There’s a few other ways to fix it, of course. The Blue Box solution is comprehensive and reliable but it requires quite a bit of work to get it going, and you also need to know which database table fields you want to work on specifically – so it can be time consuming unless you’re prepared to really sit down and work on it, either to process everything manually or write a script to do it all for you.
Fortunately there’s an easier way, as described here – basically, all you need to do is export your current dataset with mysqldump, forcing it to latin1, and then re-import it as UTF-8:
mysqldump -h DB_HOST -u DB_USER -p –opt –quote-names –skip-set-charset –default-character-set=latin1 DB_NAME > DB_NAME-dump.sql
mysql -h DB_HOST -u DB_USER -p –default-character-set=utf8 DB_NAME < DB_NAME-dump.sql
We did this for AusGamers.com and it worked perfectly – the only caveat you need to be aware of is that it will mess up UTF-8 characters that are properly encoded aleady. For us this wasn’t a big deal as we were able to clearly identify them and fix them manually.

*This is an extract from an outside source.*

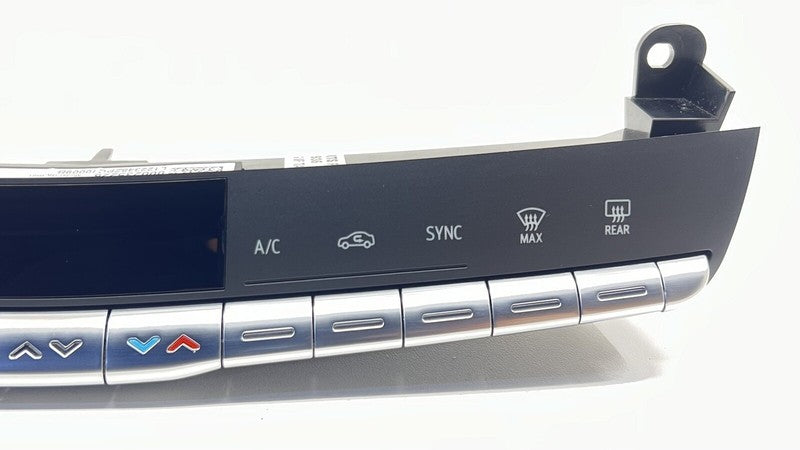 8678 5413 / 86785413 22-24 CADILLAC CT4 V BLACKWING HVAC AC TEMPERATURE CLIMATE CONTROL SWITCH OEM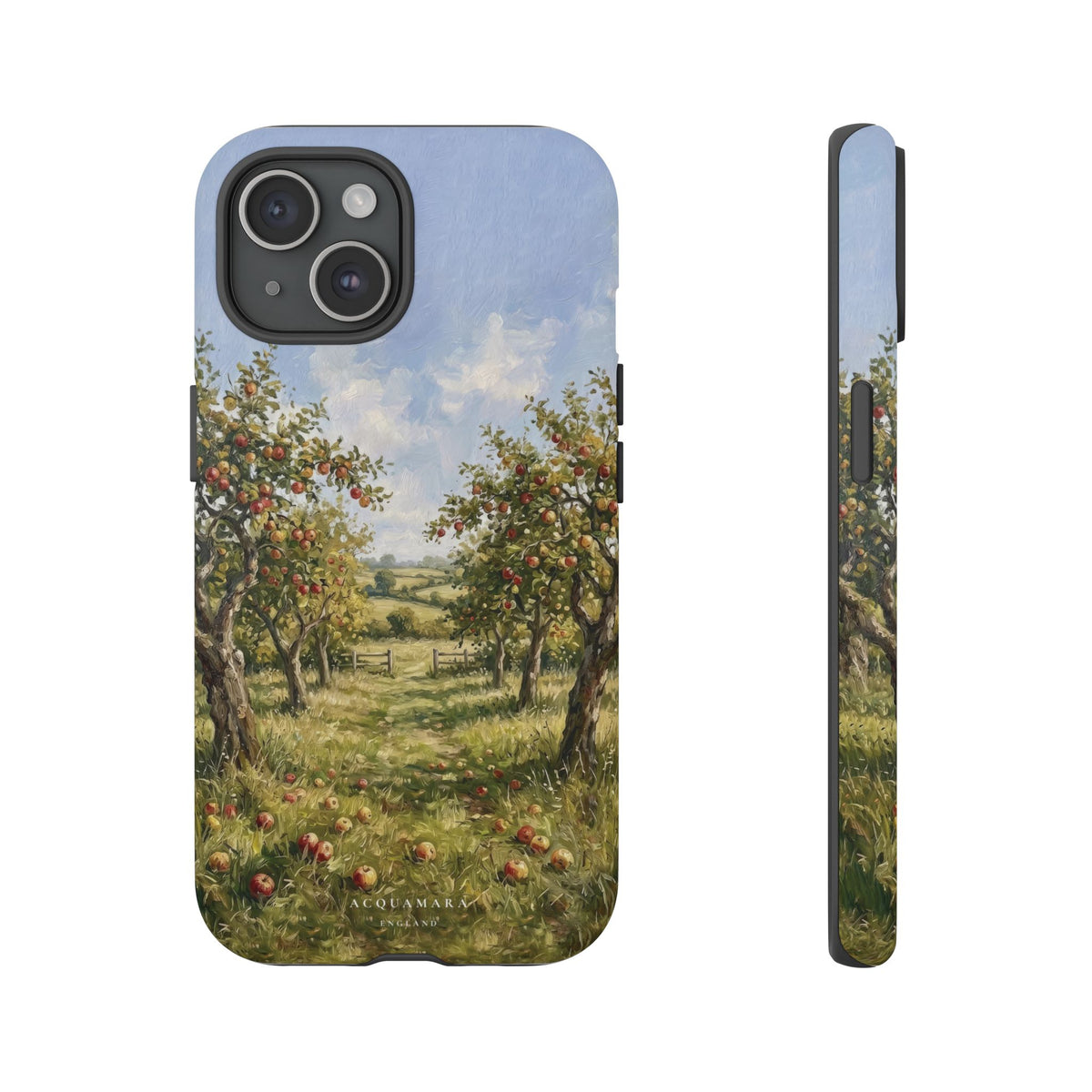 The Orchard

StackOverflow has yet another approach which might be suitable if you’re dealing with only one or two tables and just want to fix it from the MySQL console or phpMyAdmin or whatever – changing the table character sets on the fly:
ALTER TABLE [tableName] MODIFY [columnName] [columnType] CHARACTER SET latin1
ALTER TABLE MyTable [tableName] [columnName] [columnType] CHARACTER SET binary
ALTER TABLE MyTable [tableName] [columnName] [columnType] CHARACTER SET utf8
This method worked fine for me in a test capacity on a single table but we didn’t end up using it everywhere.